The idea is simple and lies on the surface - we move away from the concept of dedicated control systems (controllers, central metadata nodes, the human brain, etc.) to the concept of uniform distribution of identical roles between many elements (each node is a controller to itself, there are no selected elements, swarm of bees).
To paraphrase - a purely distributed system.

Traditional manufacturers always assume that the equipment must be reliable, which is generally possible (but at what price?).
Meanwhile, as for distributed systems, the approach is fundamentally different - they always assume that any equipment will eventually fail and the handling of this situation should be fully automatic, without affecting the viability of the system.
We are talking about "self-healing" systems, and the cure must occur as quickly as possible.

If the control logic requires coordination (the so-called "master" nodes), then the selection of these should be fully automatic and any member of the cluster can become such a master.
What does all this mean in reality?
- Distribution of roles and responsibilities within the system (cluster)
- Using BigData principles (such as MapReduce) for task distribution
- The process of "public elections" to refer to the current master
Linear expansion with very precise granularity
Sequential and linear (horizontal) expansion means the ability to start from a certain amount of resources (in our case - 3 nodes / node / server) and scale linearly to obtain a linear performance increase. All the points we discussed above are critical for obtaining this opportunity.
As an example, you usually have a three-tier architecture (server, storage system, network), each element of which scales independently. If you have increased the number of servers, then the storage system and network remain old.

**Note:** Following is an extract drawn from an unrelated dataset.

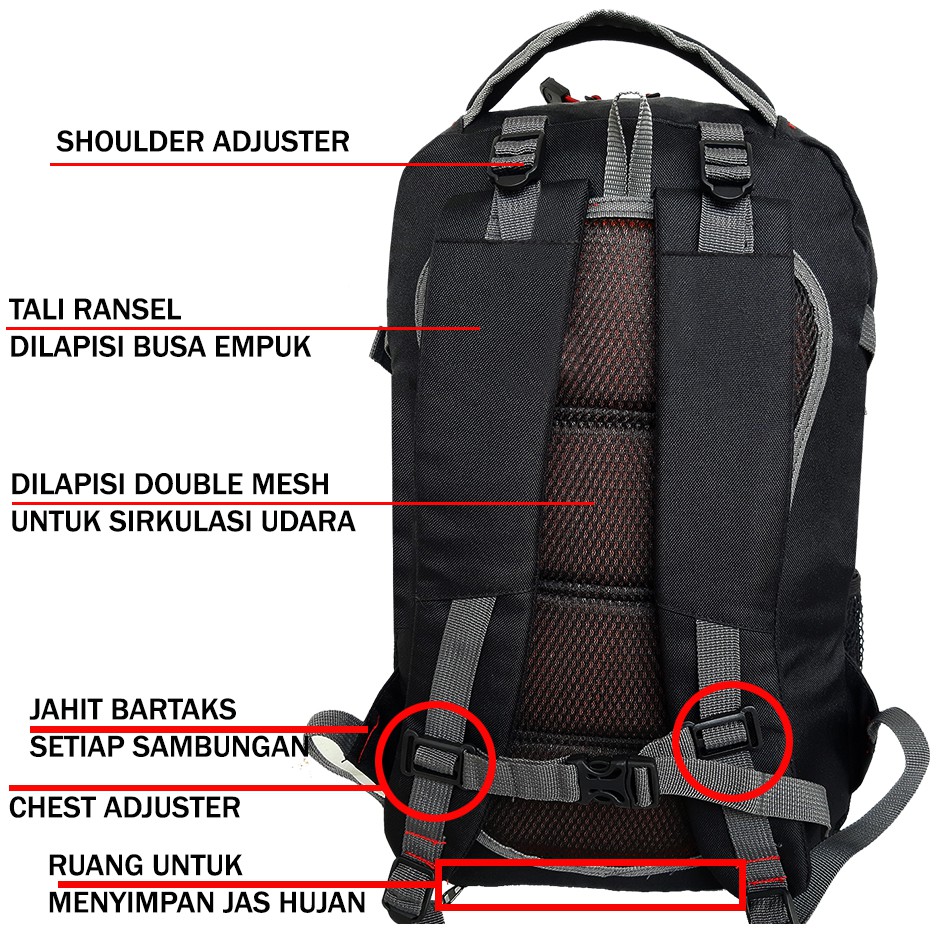 Tas Ransel Pria Kecil 10L Distro Tas Punggung Laki Gress Gearbag Series 04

With a hyper-convergent platform like Nutanix, when adding each node, you will get an increase:
- The number of hypervisors / computing nodes
- The number of storage controllers (3 nodes = 3 controllers, 300 nodes = 300 controllers, etc.)

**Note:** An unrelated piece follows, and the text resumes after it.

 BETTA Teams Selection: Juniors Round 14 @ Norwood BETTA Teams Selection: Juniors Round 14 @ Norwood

- Processor capacity and storage capacity
- Number of nodes participating in solving cluster problems
Complicated? Simplify:
- The ability to scale the server and storage for one micro-node with a corresponding linear increase in performance, starting with 3 and to infinity.
Benefits:
- Ability to start with a minimum size
- Eliminating any bottlenecks and points of failure (yes, SLA is 100% real)
- Permanent and guaranteed performance when expanding.
...

In the following articles, we will give more technical details and tell you, for a start, how our NDFS, the distributed generation file system based on ext4 + NoSQL, works.

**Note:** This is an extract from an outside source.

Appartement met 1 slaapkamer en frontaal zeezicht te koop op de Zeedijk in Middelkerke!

From additional announcements - our
KVM management system, which operates according to the same principles, is unlimitedly scalable and has no points of failure.
We will speak at
Highload 2014 , show our solutions "live". Come.
Have a nice day!
ps yes, we will definitely tell you what we chose from CAP and how we solved the problem of Convergence-Accessibility-Partization
pps (if someone has read this far) for attentive ones - a contest, guess what our solution for managing KVM is called and get a prize (in Moscow).